== PROBLEM ==
Write out the data word for word and drop any picture you find.

== INFORMATION SHOWN ==
* * *

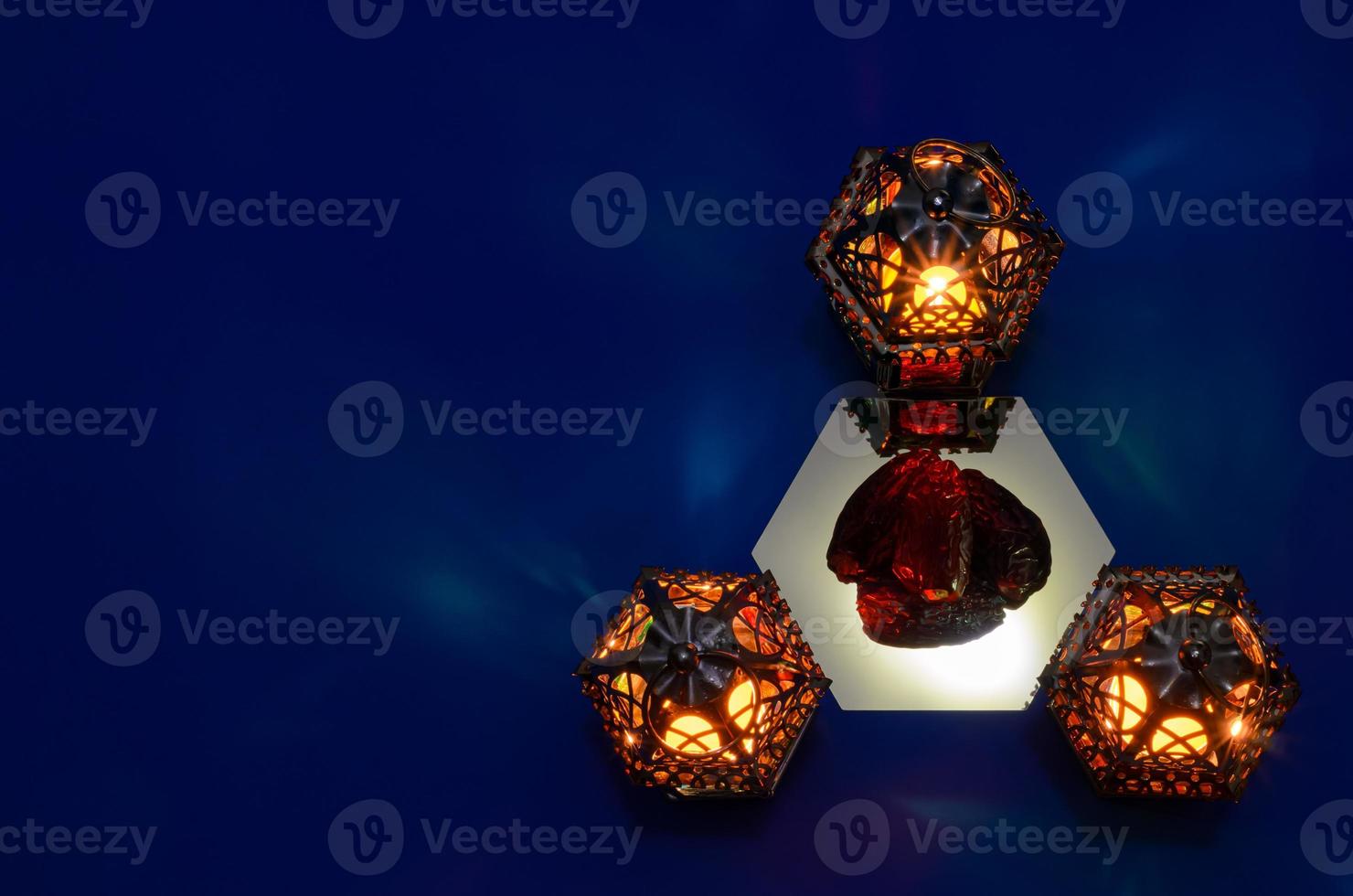 Selective focus on dates fruit with blurred lanterns put on mirror with blue background for the Muslim feast of the holy month of Ramadan Kareem. photo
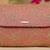 Pink floral embroidered clutch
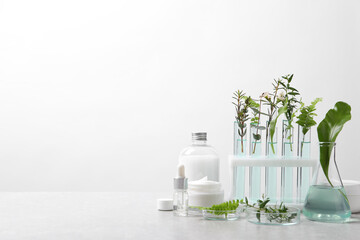 Organic cosmetic product, natural ingredients and laboratory glassware on white table, space for...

* * *

== WRITTEN RESPONSE ==
 Selective focus on dates fruit with blurred lanterns put on mirror with blue background for the Muslim feast of the holy month of Ramadan Kareem. photo
 Pink floral embroidered clutch
 Organic cosmetic product, natural ingredients and laboratory glassware on white table, space for...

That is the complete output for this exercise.